About William Ivey
“Form comes easier to me than color. Once I begin to get the color right, the painting starts to fall into place, because color controls the space. I could go on nitpicking subtleties of color, or shifting an edge forever, but I know a painting is done when no piece of it can be taken out.” – William Ivey
Born in Seattle, William Ivey (1919-1992) originally planned to become a lawyer, but an interest in drawing led him to take classes at Cornish School in Seattle. Following service in World War II as a paratrooper. While in Italy he was able to view works by Michelangelo, Giotto, and Caravaggio. After the war Ivey spent three years at the California School of Fine Arts in San Francisco, where he undertook serious study of modern art with such influential instructors as Clyfford Still, Mark Rothko, Ad Reinhardt, David Park, and Clay Spohn. Friends and fellow students included noted painters Richard Diebenkorn and Frank Lobdell.
In the late 1940s Ivey returned to his hometown, was employed by the City of Seattle as a social worker, and had a daughter with his wife, Helen Taylor. He painted at night in a series of studios, entered the Seattle Art Museum’s Northwest Annual and the Henry Art Gallery’s Northwest Invitational shows, and sold his first painting, to collector and gallery owner Zoe Dusanne.
He, Jack Stangle, Ward Corley, and Richard Gilkey were featured in an exhibition of Northwest avant-gardists at SAM; he formed friendships with fellow artists such as Guy Anderson, Leo Kenney, and Carl and Hilda Morris. In the late 1950s he opened the short-lived Artist’s Gallery with painters Alden Mason, James FitzGerald, and Margaret Tomkins.

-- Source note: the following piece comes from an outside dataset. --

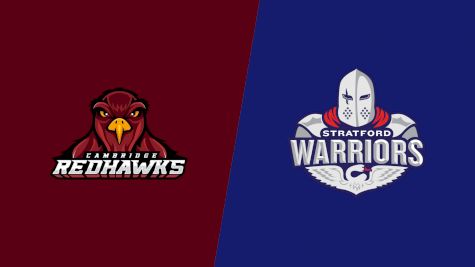 2024 Cambridge Redhawks vs Stratford Warriors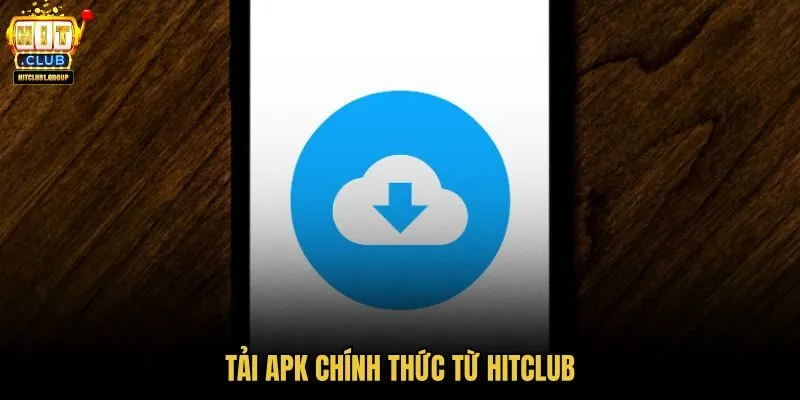 tai-apk-chinh-thuc-tu-hitclub tai-apk-chinh-thuc-tu-hitclub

In 1960, Gordon Woodside became his representative; the same year he received a Ford Foundation grant, and two years later, a grant from the National Foundation for the Arts and Humanities. In 1964 he had his first major solo show, at the Seattle Art Museum. In 1967 he received a Rockefeller Fellowship.
Ivey was acquainted with Mark Tobey, Morris Graves, and other members of the “Northwest School”, and was close friends with Richard Gilkey and many of the Skagit Valley–based painters who were considered by some critics to represent a second generation of the Northwest School. However, his deeply personal style of abstraction showed more of the influence of Still, Rothko, and others he studied under at the California School of Fine Arts.
Distaste for promotion likely limited Ivey’s popularity — his one and only European exhibition, arranged by painter John Franklin Koenig, was at the Galerie Arnaud in Paris in 1966 — but he remained a respected, strong-selling artist in the Pacific Northwest. SAM held another solo show of his work in 1975; in 1982 he accepted a rare commission and created the largest painting of his career (20′ x 8′) for the King County District Court in Issaquah, Washington; in 1983 he was named Artist of the Year by the King County (Washington) Arts Commission, and used the $25,000 reward to build a studio behind his home in Seattle’s Queen Anne neighborhood; in 1989 the Henry Art Gallery presented a major retrospective of his career.
He found inspiration in observation of the real world, but his intense immersion in the painting process transformed what he saw into lush abstractions that emphasized color and the picture plane. In Ivey’s paintings, shapes are secondary to color in the development of spaces, and delicate neutral grays set off glowing patches of bright color. Ivey rarely titled his paintings
Represented by the Woodside Braseth Gallery since 1960, Ivey had major solo exhibitions in both the United States and Europe. His work has been shown at the National Museum of Art in Osaka, Japan and he has had a retrospective at the Henry Art Gallery in Seattle, Washington. His work can be found in over 300 collections. He has received numerous awards including the Rockefeller fellowship, the Ford Foundation Purchase Award, a grant from the National Foundation for the Arts and Humanities.